To Clarke, every client is a business case: “How do we combine our knowledge of finance with the bank’s money to help clients achieve success? If we’ve done our job right, they achieve success a touch faster, better, and with less risk because of our involvement.”
Highlights and hard days
Taking stock of the past two decades, he says there have been many highlights reflecting the hard work he and his employees do every day.
The low point was definitely the financial crisis of 2008, when he was beset by deep apprehensions as “custodian of hundreds of millions of dollars of real people’s money: investors, employees, family, friends, and local employers.”
Not only did his bank weather the global calamity, “our performance during the crisis stood out and reflected positively on the strength of our plan, relationships, and talent.”

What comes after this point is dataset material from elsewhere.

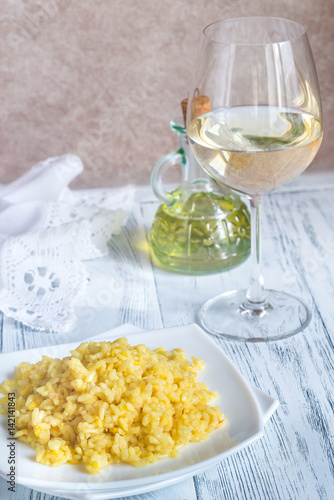 Portion of risotto with glass of white wine
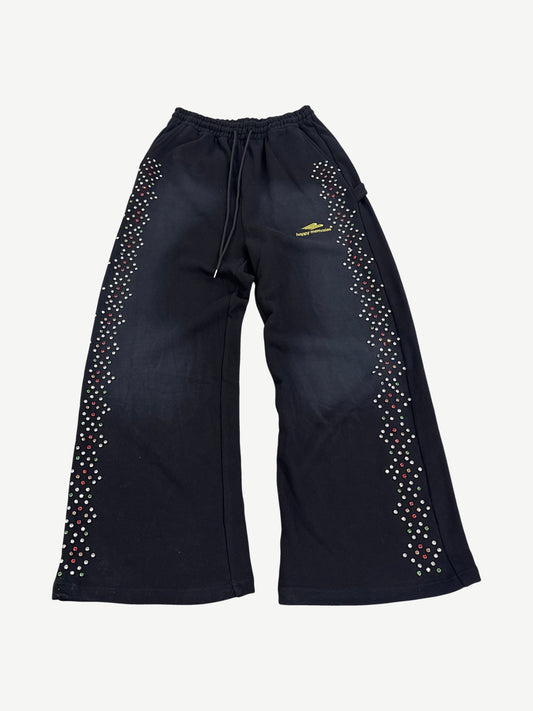 Happy Memories Don't Die HMDD black flared sweatpants with multicolor crystal embellishments along outer legs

The merger with Union, he says, is another landmark in its development.
About two years ago, Access had acquired Middleburg Bank, a purchase that had many Middleburg customers dismayed by some of the changes that ensued. In a news interview, Clarke had noted: “Change is difficult. … The economy evolves. The way people do business evolves, and we needed to adapt.”
The future of banking
Asked about the significance of those considerations now that Access itself is being acquired, Clarke says they not only remain relevant but will continue to shape the industry.
“If our industry does not adapt and change, we will lose prominence in the financial lives of our clients. Businesses and consumers engage with the financial system more frequently and in more ways than ever. Have your retail shopping and banking habits changed in recent years? If they haven’t, they will.”
Tomorrow’s successful banks will be those that “embrace safety, security, and trust while delivering a client experience that is timely, easy, and exceeds expectations,” he says. “We must earn our relevance every day by caring for our client’s financial well-being in a way that also rewards shareholders.”
And, he adds: “we’ve found the right partner with Union to care for the well-being of our clients, employees, and investors.” Clients will get even better service and support, with expanded capability and technology investment, while employees and investors will enjoy the economic rewards of being affiliated with a high-performance company.
The next chapter
The merger is also a milestone for the bank’s founder. Clarke has relinquished his Access CEO position and joined Union’s board of directors. He will help integrate the two institutions.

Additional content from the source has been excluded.